With the rise in traffic — thanks to people like this writer who never plans to return to his dusty old town in the godforsaken border area of Punjab — there is constant debate on whether roundabouts should be done away with.
Data and arguments are cited to bolster both sides and specific instances show that both seem correct at different points in time. For instance, overall statistics say more accidents take place on traffic light intersections than at roundabouts. Common sense too says motorists tend to speed up and jump the signal when the timer on top of the light is ticking, putting others at danger too. At a roundabout, clogging brings the traffic down to a non-threatening speed.

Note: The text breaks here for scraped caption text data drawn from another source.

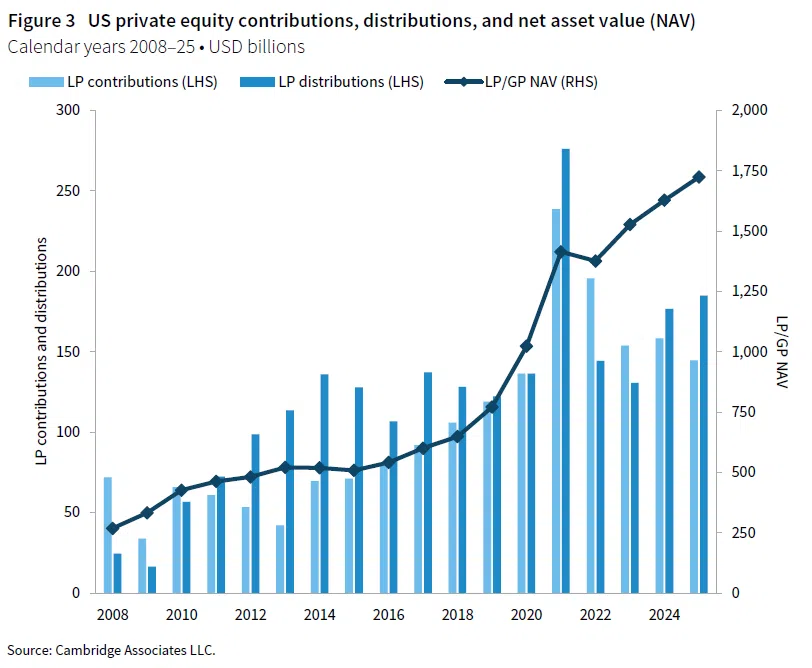 A column chart showing US private equity limited partner contributions and distributions, combined with a line graph showing LP/GP net asset value for calendar years 2008 through 2025
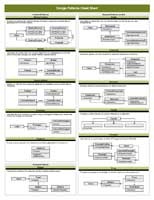 [design_pattern_cheatsheet_v1_pg1_small[2].jpg]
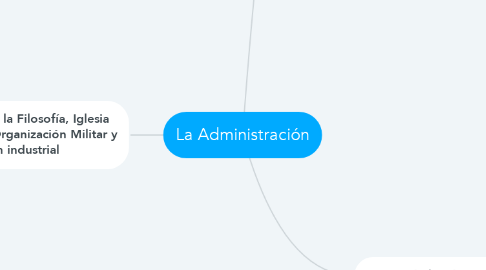 Mind Map: La Administración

But this very clogging is cited as a reason to remove the roundabouts. Another reason cited is the co-existence of fast-moving SUVs and bikes with manual rickshaws, even horsecarts. And yet another criticism of roundabouts is because of the accidents at night, when the drivers fail to spot the ‘golchakkar’ due to speeding or due to the lack of reflective paint on them.
Many of these motorists suffer severe injuries, though I’ve met at least one fine gentleman who managed to have his car perched on the grassy, landscaped top of Tribune Chowk, then got out and lit a cigarette to ease up the tension.
The car lost its front teeth, but he escaped without a scratch to his body.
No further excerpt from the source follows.